That’s true, yeah. Then you have to have two collaborators who both turned evil in order to compromise… Okay, that’s actually reasonable. I would accept that level of risk… Okay.
Yeah, yeah. Some of this is taking some of the things that you already do socially, and that you enforce by hand, and turning them into automation.
Okay, that’s cool. I like it. Alright, so this podcast is basically Mikeal convincing me of his crazy ideas…
I know… I’m listening to this and I’m like “Oh man, I have so many things I need to improve and aspire to.” One layer that I have to think about a lot because I’m mostly doing work for clients that are apps is there’s a UI testing and approval layer, that is people who don’t grok code. That’s where right now a staging environment happens. But the build per merge or commit, and having a flow like that, would solve that really well, too. Just send that to them to test.
I’ve seen people – this is insane… ZEIT has a desktop utility where you can just drag and drop stuff into it, and it’ll give you a unique URL. I’ve actually done this, where I’ve taken a slide deck and exported to this HTML, and then just dropped it in there, and then sent that URL to somebody that I just wanted to see that slide deck… And I didn’t wanna deal with sending them a keynote file, or something.
Yeah, it’s actually a really common workflow, where you can easily get these unique URLs… They’re not really all that guessable; there’s no way to get a list of all of them, unless you’re authenticated, so… They’re relatively secure.
This may be going a little too far, I feel, but how do you deal with changes that involve data migration?
Yeah, that’s a big one.

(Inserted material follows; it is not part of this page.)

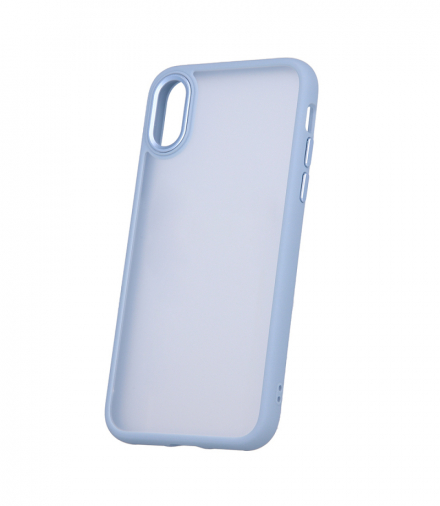 Nakładka Satin Matt do iPhone X / XS niebieska TFO GSM165898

This is my experience with it, and I think part of this is because I now live in this content-addressed space, where all the data that you ever work with is hash-based, and it’s these [unintelligible 00:42:01.15] structures… And you basically have to deal with data as long as people link to it. You don’t really get to migrate the data, you just get to change how you interpret the data.
That sounds like a nice space to live in…
This is much more problematic actually than the migration space… Because if you have control over the data, you can just migrate it to the new thing, and then never worry about the old stuff again. But what I tend to do and how I tend to build these things though is that I will make it so that the setup works with both data sets, with the data in both formats or ways, and then once that is working, I will push it, and then at some point in time maybe either write a migration script to move data over, if i can do that, or wait for people to just not be using that old data structure anymore, and then migrate.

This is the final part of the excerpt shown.